Menurut Perry, saat ini ekonomi Indonesia masih stabil dan berdaya tahan. Hal itu tercermin dari pertumbuhan dan inflasi yang baik, serta stabilitas sistem keuangan yang terjaga. Kendati demikian, Indonesia tetap harus memerhatikan pengaruh ekonomi global untuk mengambil langkah-langkah kebijakan.
“BI merespons ketidakpastian keuangan global dengan kebijakan moneter dan makroprudensial. Adapun Pemerintah Indonesia merespons dengan menjaga defisit fiskal tidak terlalu lebar, mengendalikan impor, dan meningkatkan ekspor,” kata dia.

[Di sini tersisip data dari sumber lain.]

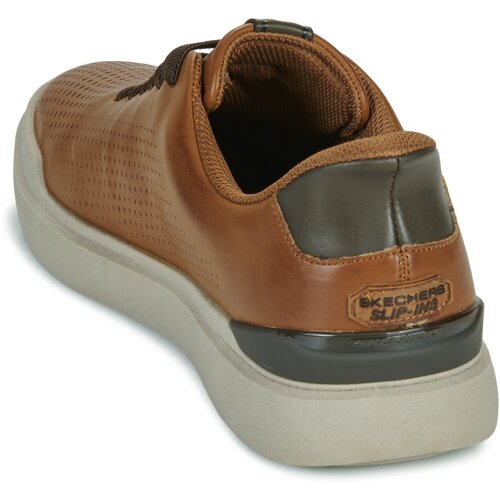 Skechers OWEN CONNELL SLIP-INS Smeđa Slike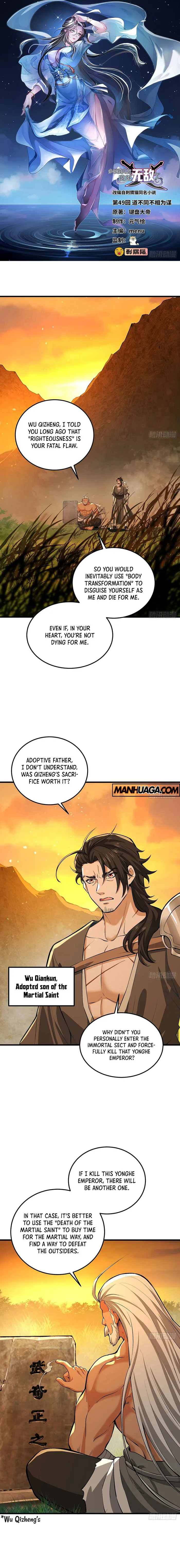 The more I die, the more invincible I become. Chapter 49 47 01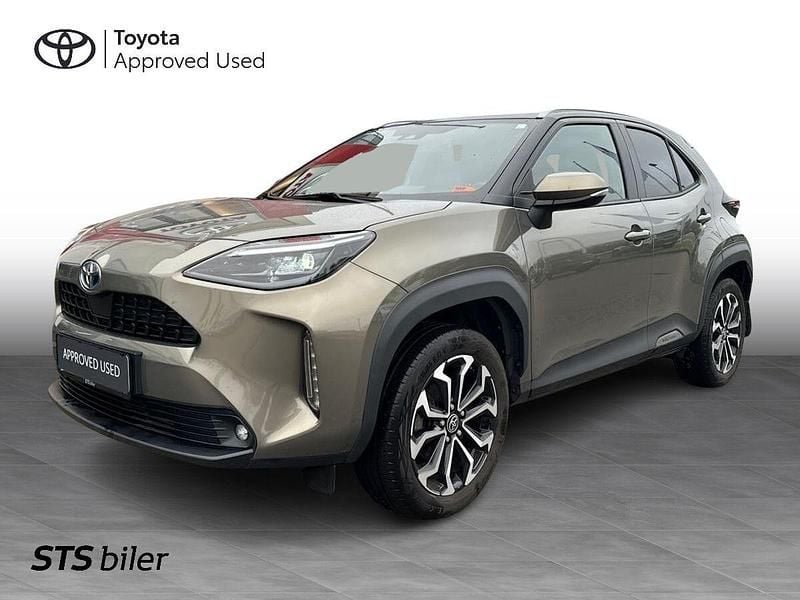 6x1 oxide bronze Brugt 2022 Toyota Yaris Cross Style SUV | 244.995 kr. (Lidt for dyr) - Billede 1/3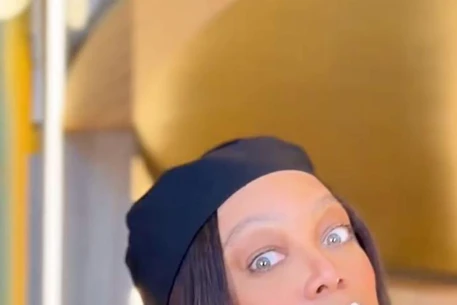 Тайра Бэнкс представила «горячее мороженое», и поклонники в замешательстве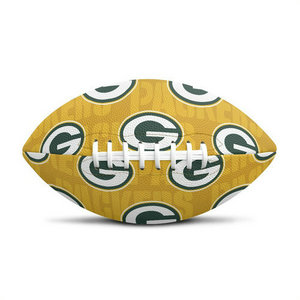 Green Bay Packers Team Logo Mini Football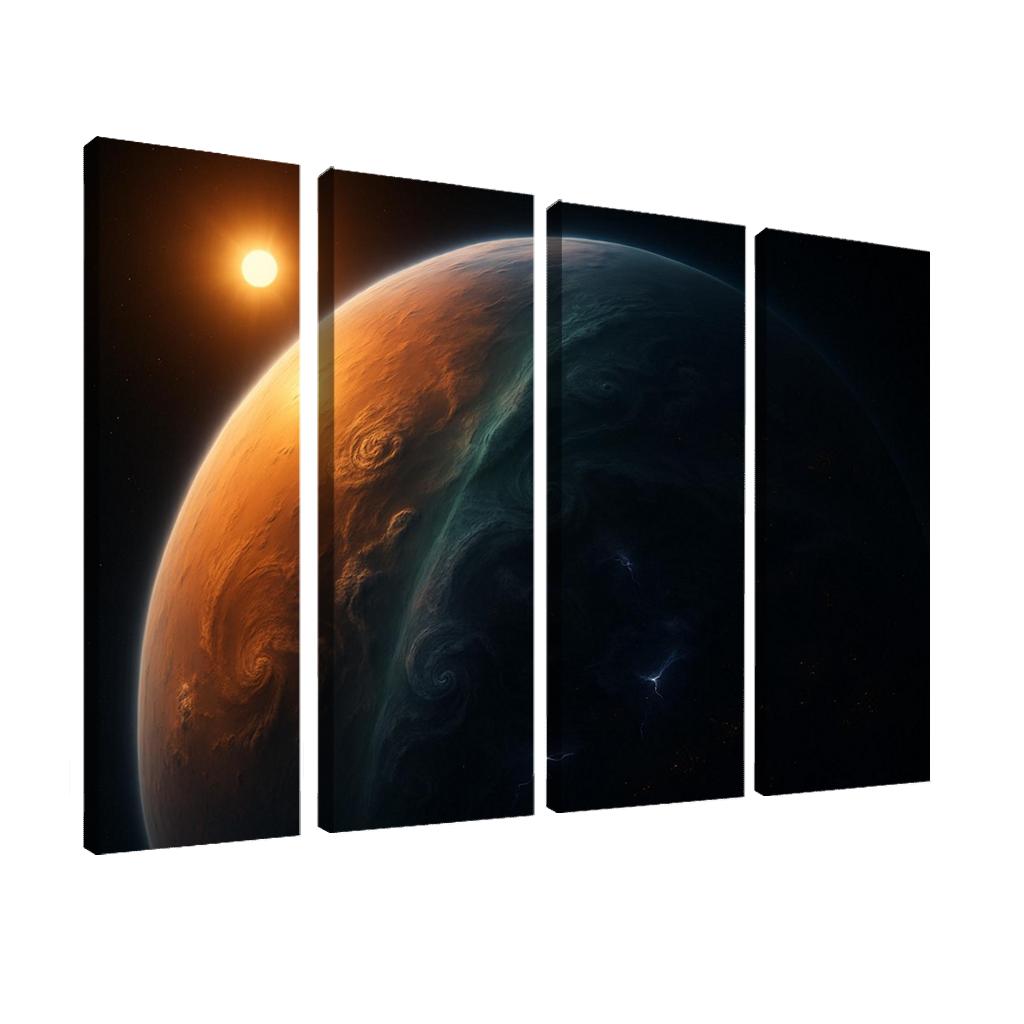 Tidally Locked Twilight Worlds home decor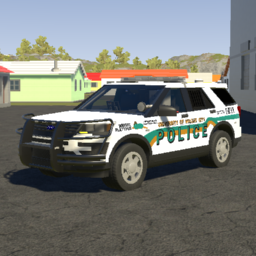 UWCP - 2018 Ford Police Interceptor Utility | Marked Hardtop | University of Wright City Police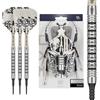 Target Darts Target Exo 10 90% Freccette Soft Darts 18G.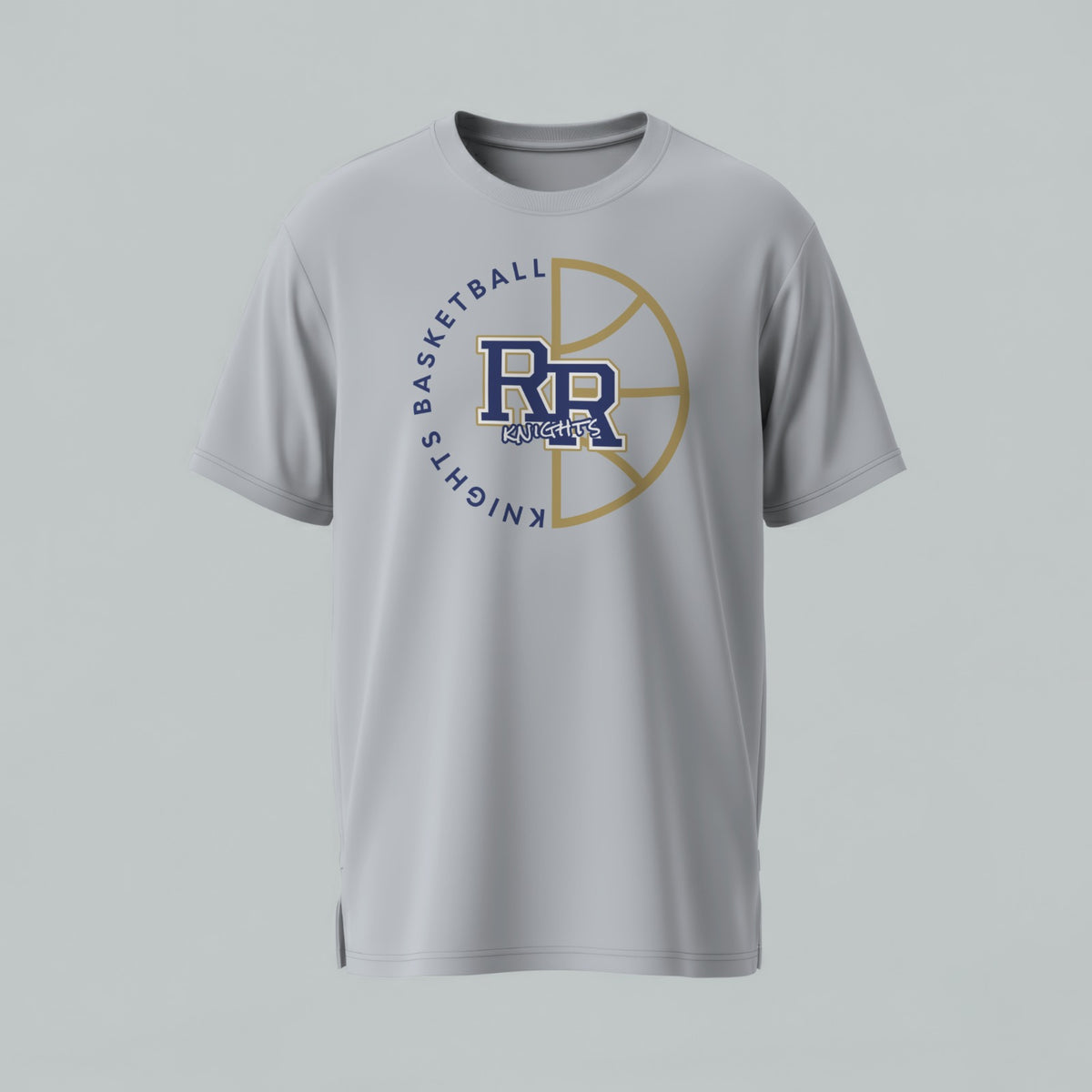 River Ridge Knights Basketball  T-Shirt
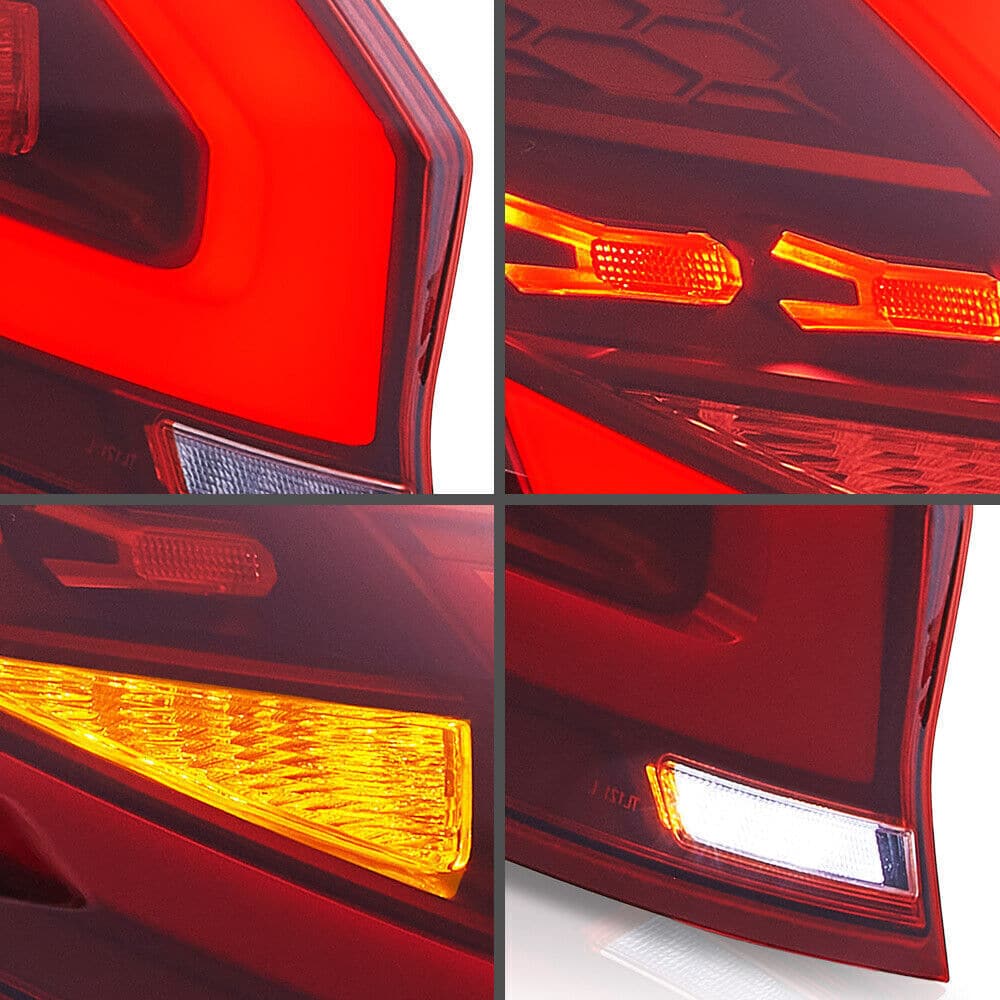 2009-2017 FORD FIESTA HATCHBACK WS WT WZ LED SEQUENTIAL TAIL LIGHTS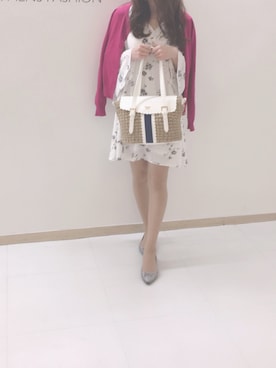 「サマンサタバサ」｜うーちゃん♡.*･ﾟ　さん（レディース・163cm・10代）の春コーディネート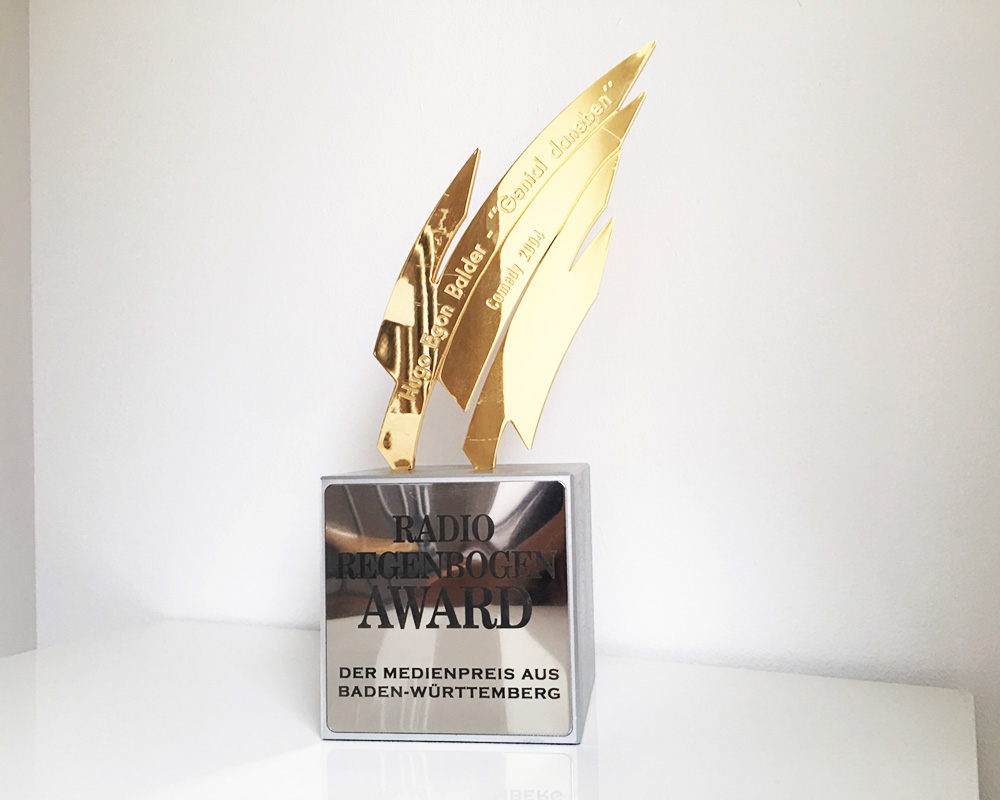 Radio Regenbogen Award, Medienpreis für „Genial daneben“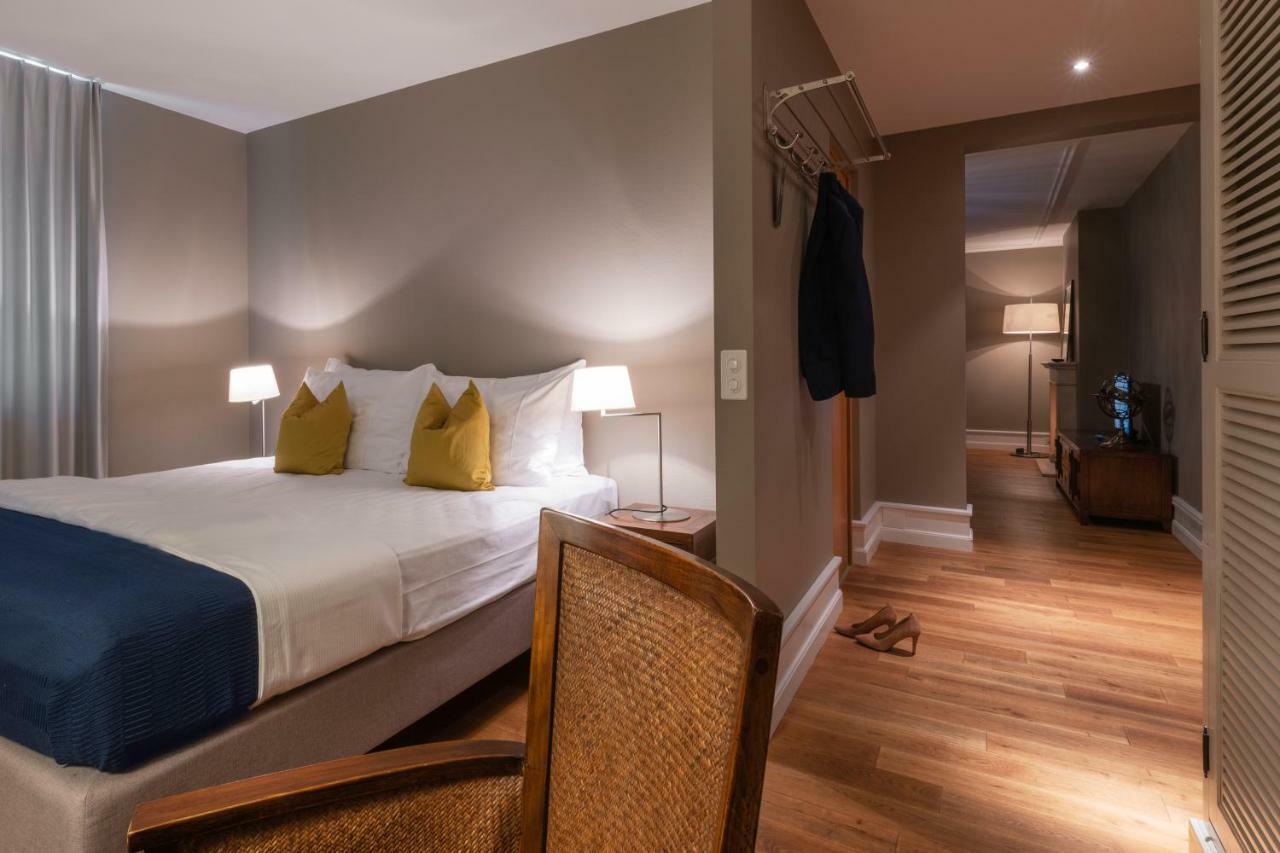 Blue City Boutique Hotel บาเดิน ภายนอก รูปภาพ
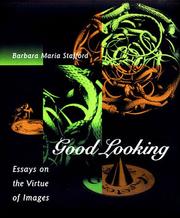 Cover of: Good looking: essays on the virtue of images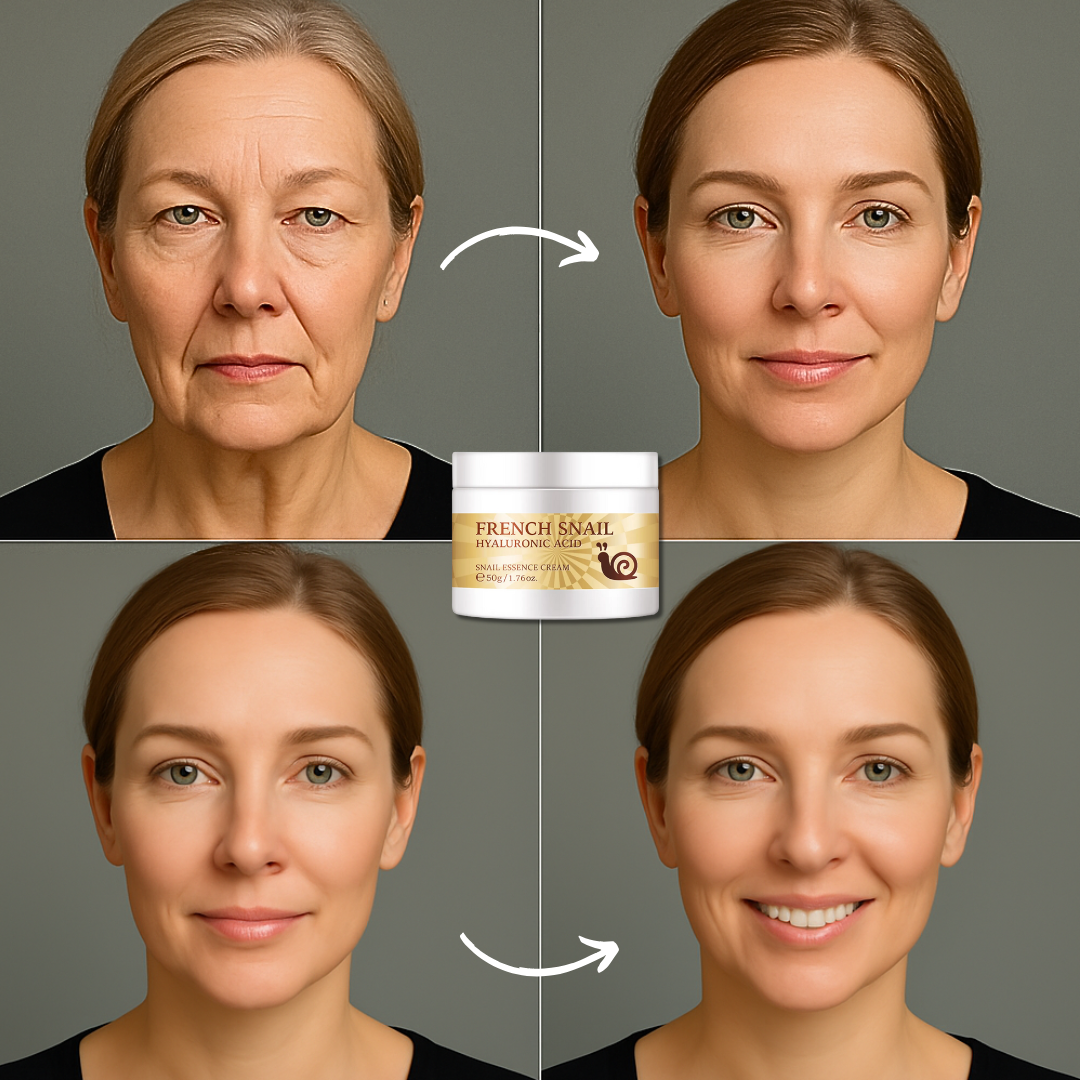French Snail Collagen Cream
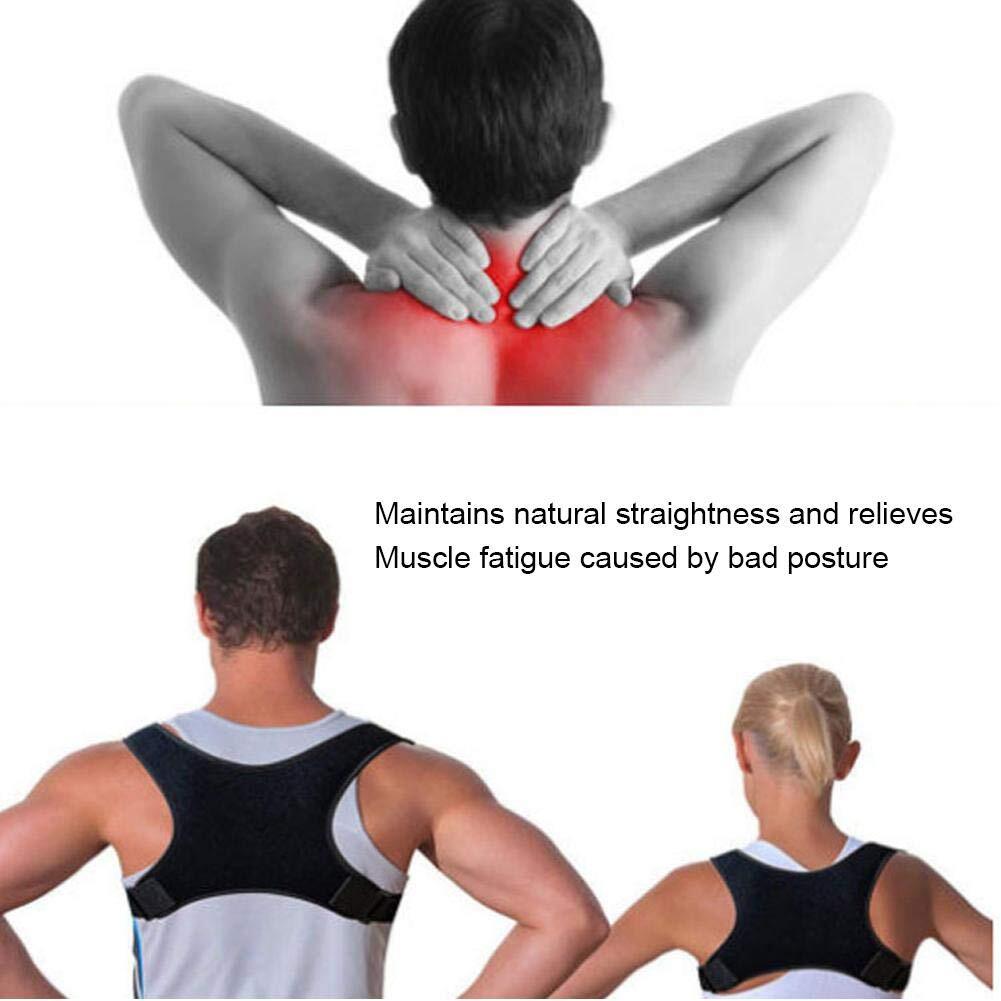 Back Posture Corrector Shoulder Straight Support Brace Belt Therapy Women Lot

Dalam forum itu, Presiden dan juga CEO The Federal Reserve Bank of New York John Williams mengemukakan, Bank Sentral AS masih menormalisasi kebijakan moneter. Kemajuan normalisasi cukup berhasil karena ekonomi AS tumbuh positif, inflasi naik sesuai target, dan pengangguran berkurang, sehingga proses itu diharapkan berakhir tahun depan atau tahun berikutnya.
“Kami menyadari proses normalisasi berdampak pada sistem keuangan dan moneter dunia, khususnya negara-negara berkembang. Kami terus memantau dan menganalisis perkembangan di seluruh dunia untuk memahami bagaimana kebijakan kami memengaruhi ekonomi global dan pada ekonomi AS,” kata dia.
Williams menambahkan, komunikasi dan pertukaran data antarbank sentral secara transparan dapat menjadi modal bersama untuk meminimalkan kesalahpahaman, gangguan pasar, dan volatilitas. Hal-hal tersebut dapat mengganggu tujuan bersama dalam menumbuhkan ekonomi yang kuat dan stabil.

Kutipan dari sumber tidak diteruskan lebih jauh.